Três aspectos sustentam a sua popularidade. Primeiro, o conjunto de políticas sociais que ele conseguiu desenvolver sobretudo para a população mais pobre. Os indicadores da ONU para a América Latina mostram uma diminuição forte da pobreza na Bolívia e isso tem muito efeito na sua popularidade. A segunda é que Morales se valeu muito bem dos recursos do petróleo. Muitos bolivianos sentem que ele tem gerenciado bem esses recursos e encaminhado essa receita para favorecer os mais necessitados. Parece estar em curso uma boa gestão da economia, o que fica muito claro pelo fim do déficit econômico e crescimento do PIB. A Bolívia é o país sul-americano com o maior crescimento percentual do PIB nos últimos anos. Por último, vem a importante estabilidade política conseguida no país a partir de 2008. Não se gerou uma situação tão extrema de polarização como se esperava, semelhante a que ocorreu na Venezuela. Então a sensação é de que o Morales tem conseguido manter certa governabilidade.
No último relatório sobre o combate à fome da ONU, Brasil e Bolívia ganharam destaque por seus desempenhos. Qual a diferença entre as políticas sociais bolivianas e as nossas?

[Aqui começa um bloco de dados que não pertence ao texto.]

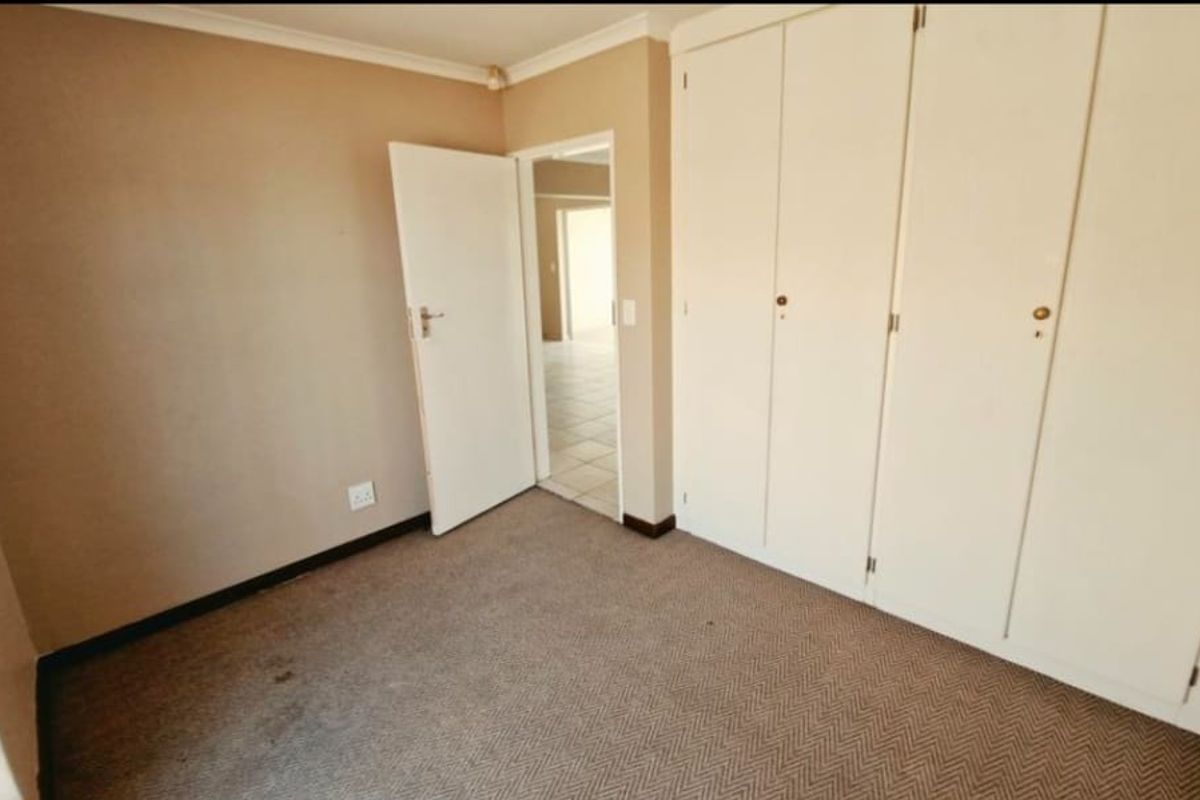 An empty bedroom featuring built-in cupboards and carpeted flooring, offering a blank canvas for personalization.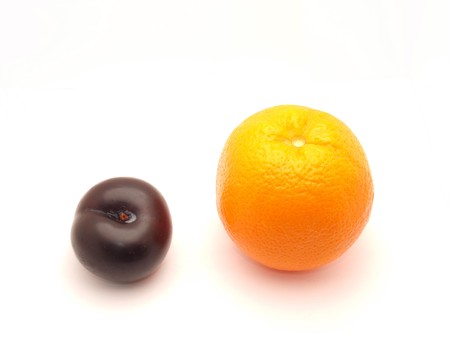 Orange and plum on a white background        の写真素材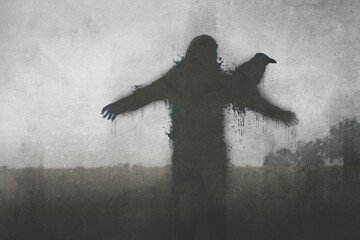 A dark scary concept. Of a mysterious scarecrow monster figure, standing in a field. With a grunge, textured edit. © Dave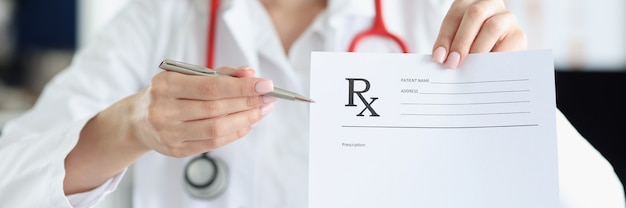 Woman medicine doctor holding hand gives prescription to patient closeup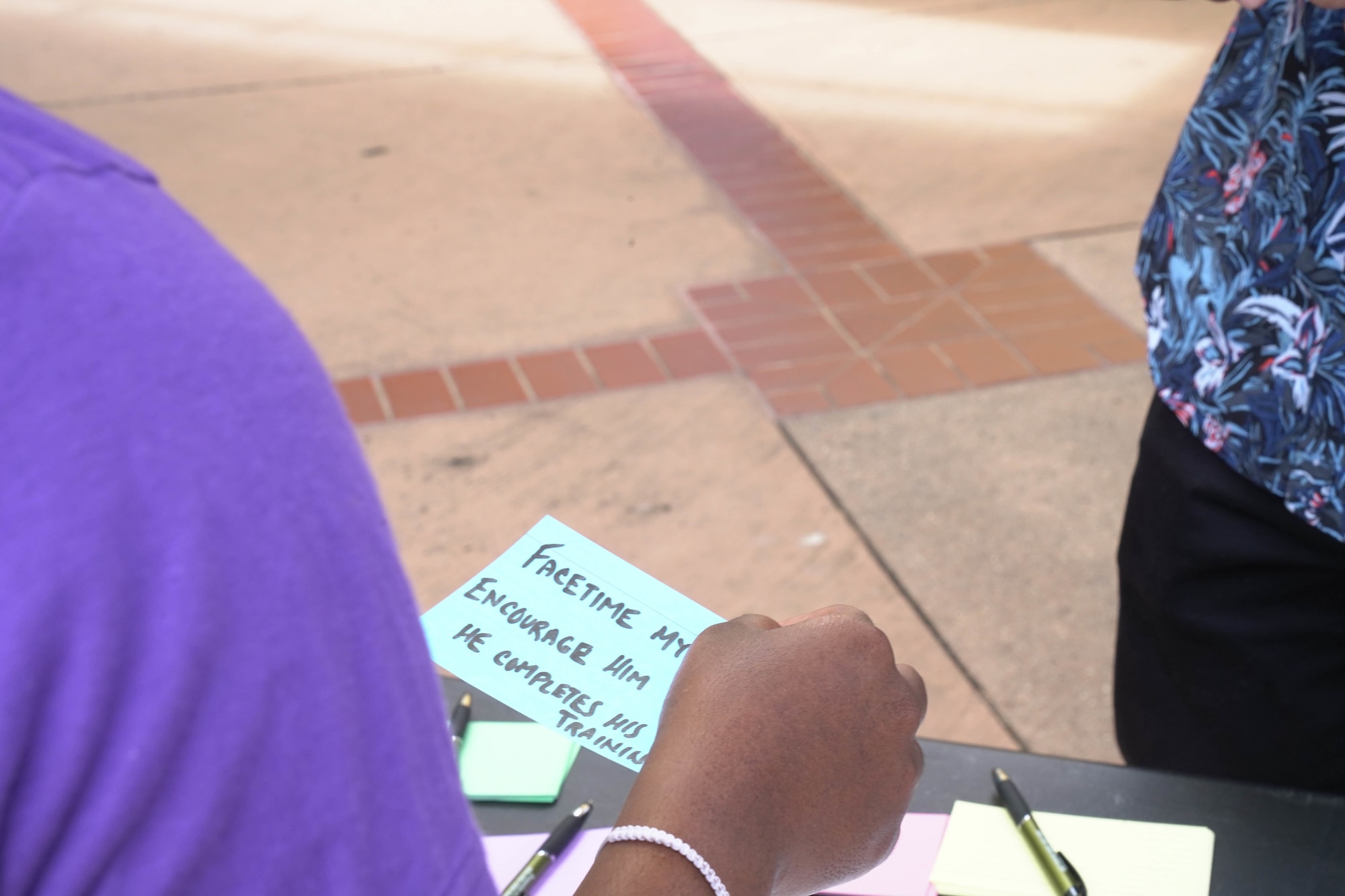 Marrisa Toppin, Sexual Assault Prevention and Response and Suicide Prevention facilitator, receives a commitment card from a military parent with an idea of how to build a better relationship with their children at the Hickam Main Exchange at Joint Base Pearl Harbor-Hickam, Hawaii, April 23, 2021. In honor of Child Abuse Prevention Month, military members and their families shared and received ideas to build stronger and healthier relationships with their children. (U.S. Air Force photo by Airman 1st Class Makensie Cooper)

A principal diferença da política social boliviana está no tipo de recurso público empregado. No Brasil, o financiamento das iniciativas de combate à pobreza, como o Bolsa Família e antes o Fome Zero, tem diversas fontes. No caso da Bolívia, o financiamento dessas políticas vem quase exclusivamente das receitas do gás e isso pode limitá-las no futuro. Caso exista, por exemplo, uma queda dos preços internacionais do gás e do petróleo, isso pode impactar este esforço do governo. Além disso, lá a pobreza é mais generalizada e essas políticas têm um impacto maior em todo o país. Isso também explica a popularidade mais uniforme de Morales. No Brasil essas políticas são nacionais, mas com mais ênfase nas regiões mais pobres do Nordeste. Não é por acaso a popularidade dos governos do PT no Nordeste, enquanto em outras regiões é bem menos popular. Na Bolívia, podemos dizer que essas políticas são mais “nacionalizadas”.

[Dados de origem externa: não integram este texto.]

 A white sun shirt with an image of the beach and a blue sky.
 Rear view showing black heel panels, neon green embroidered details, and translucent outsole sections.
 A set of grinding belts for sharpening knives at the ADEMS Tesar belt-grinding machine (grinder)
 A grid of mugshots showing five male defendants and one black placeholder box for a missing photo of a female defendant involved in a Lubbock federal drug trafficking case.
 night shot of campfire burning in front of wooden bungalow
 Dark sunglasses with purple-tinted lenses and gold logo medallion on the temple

A dependência econômica com relação ao gás não é um limitador para a economia no futuro?

Este é o Calcanhar de Aquiles das políticas bolivianas, seja de crescimento industrial, seja de promoção da pequena empresa, seja de cunho social. Se Morales conseguir uma maior diversificação da economia, provavelmente ele e seu partido, o Movimento ao Socialismo (MAS), ficarão no poder durante muito tempo. A diversificação da economia é o problema com o qual vai se defrontar qualquer que seja o presidente da Bolívia no futuro. Este também é o problema da Venezuela. Há um paralelo entre os dois países. Mas isso é um projeto de longo prazo. Se no curto prazo houver alguma queda de preço maior de commodities, sobretudo o petróleo, a economia e os investimentos seriam muito afetados.

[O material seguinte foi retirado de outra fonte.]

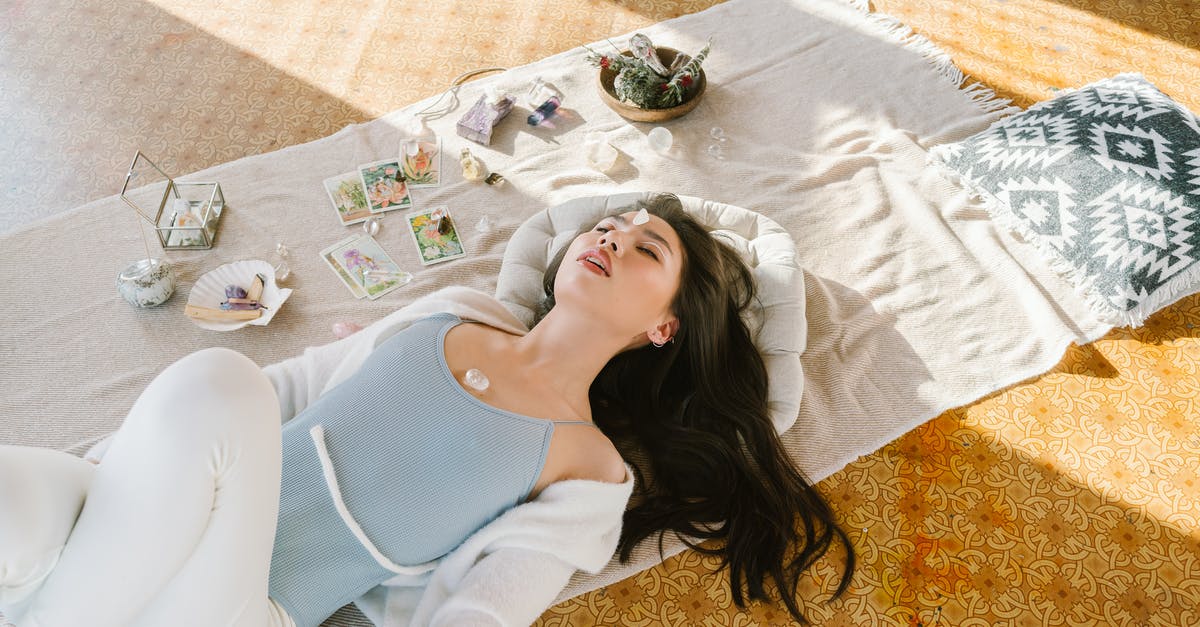 Abigail from Murdered Soul Suspect - Serene Asian woman lying with chakra stone on chest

Recentemente Morales anunciou um programa nuclear, que vai ser prioridade em um eventual novo mandato. Este é um caminho?

Pode até ser, mas eu considero este foco um erro das políticas de Morales. A diversificação não deve ser onde ele já tem um ponto de apoio. Na política energética, a Bolívia tem o gás. A questão deveria ser como ele pode promover a diversificação da pequena indústria, das cooperativas e da média indústria, de setor secundário. O investimento nuclear é custoso, demanda muito financiamento, e é o tipo de iniciativa para a qual se deve ter o acesso e o domínio de uma tecnologia muito sofisticada. Isso a Bolívia não tem. Aliás, a Bolívia poderia investir em matéria de tecnologia para aprimorar a fonte energética que já possui. Um outro problema deles tem a ver com a própria produção do gás, que ainda não conta com tecnologia nacional para tornar mais eficaz o seu aproveitamento.
O que significa a eventual reeleição de Morales para a política externa, e como o resultado das eleições no Brasil impactam o país?

A conduta da política externa da Bolívia não vai mudar muito. É possível que continue a manter uma posição crítica com relação aos Estados Unidos, e deve manter a proximidade com os países da Área de Livre Comércio das Américas (Alca), os países Bolivarianos e, também com a União de Nações Sul-Americanas (Unasul). Com relação ao Brasil, supondo que Aécio Neves vença, ele, como já anunciou, não daria prioridade ao Mercosul. Mas mesmo assim também não vejo tantas mudanças nas relações com a Bolívia. Uma coisa é o discurso de campanha e outra coisa são as metas estratégicas de um país. Para o Brasil, a América do Sul é uma prioridade de sua política externa, independentemente do partido no poder. As variações das relações de Morales com um eventual governo tucano seriam mais de ordem ideológica. As proximidades nesses aspectos não seriam muito grandes e a posição com relação aos EUA também mudaria. Mas é difícil, por exemplo, pensar que o Brasil vai deixar de comprar gás da Bolívia, ou que retiraria a Petrobrás definitivamente de lá. Do mesmo jeito, algumas multinacionais brasileiras que atuam na Bolívia, como a Odebrecht, não deixariam o país por causa de um novo governo brasileiro. Então, não haveria profundas mudanças independente do resultado. 
Se Dilma Rousseff se reeleger...
A tendência é haver uma aproximação cada vez maior e até um retorno a uma política mais alternativa, como foi no governo Lula. Embora do ponto de vista do discurso o Mercosul e a América do Sul em geral permaneçam como uma prioridade, houve um certo descuido nesse primeiro mandato. O mesmo deve acontecer com outros países sul-americanos. 
São frequentes as notícias de investimentos estrangeiros diretos na Bolívia. Como o sr. avalia essa característica do governo Morales?
A Bolívia em especial é um país que não pode desprezar estes investimentos. E nesse aspecto, o governo de Morales tem sido mais pragmático, por exemplo, que o da Venezuela, onde o investimento estrangeiro é tratado de maneira ideológica. No caso da Bolívia, embora exista um tratamento crítico, Morales tem sabido negociar esse investimento para desestimular a saída de capital.Além disso, ele tem tido a oportunidade de aproveitar não só o investimento direto internacional em infraestrutura, mas também o investimento de outros governos, sobretudo sul-americanos, como os feitos por meio do BNDES e das estatais brasileiras. Ao contrário do que acontece na Venezuela, a negociação desse investimento tem sido menos politizada e mais pragmática. Acho que a justa nacionalização do gás na Bolívia em 2006 e tudo que aconteceu devido a isso trouxeram um aprendizado. Para um país que precisava de investimento, ele tinha de ser mais pragmático. E tem sido.